Tippett is one of 11 players who will be inducted into the College Football Hall of Fame this December at the National Football Foundation’s annual awards dinner. Tippett was instrumental in Iowa’s turnaround in the early 1980s and captained the Hawkeyes’ Big Ten title run in 1981. He still holds Iowa’s single-season record for tackles for loss yardage (20 TFL for 153 yards in 1980). Tippett was selected in the second round of the 1982 NFL Draft by the New England Patriots, where he played 11 seasons and was a five-time Pro Bowler. Also a member of the Pro Football Hall of Fame, Tippett currently serves as the executive director of community affairs for the Patriots.


Chuck Long

1981-85

Chuck Long

The most prolific passer in Iowa history, Long (85BBA) was the first NCAA quarterback to throw for more than 10,000 yards.

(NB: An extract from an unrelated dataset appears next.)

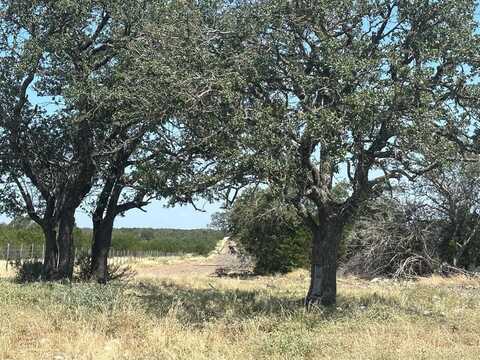 Na NA, Sonora, TX 76950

A three-time All-Big Ten selection and the runner-up to Bo Jackson for the 1985 Heisman Trophy, Long recorded a bowl-record six touchdown passes in the 1984 Freedom Bowl and led Iowa to the Big Ten title the following season. A first-round draft pick by the Detroit Lions, Long spent 12 years in the NFL. Long’s coaching career included stops as an assistant coach at Iowa and Oklahoma and head coach for three seasons at San Diego State. He currently works as a Big Ten Network analyst and is executive director of the Iowa Sports Foundation. Long was inducted into the College Football Hall of Fame in 1999.


Larry Station

1982-85

Larry Station

An All-American linebacker who started 42 games at Iowa, Station (87BBA) became the first player in school history to lead the team in tackles for four seasons. He finished his career with 492 tackles, which remains a program record. Station was the defensive anchor in four bowl games, including the Rose Bowl his senior year. Drafted by the Pittsburgh Steelers in 1986, Station was forced to retire from the NFL after one year because of injuries. Station returned to Iowa for his business degree, then earned an MBA from Washington University in St. Louis before going into business in his hometown of Omaha, Nebraska. Station was inducted into the College Football Hall of Fame in 2009.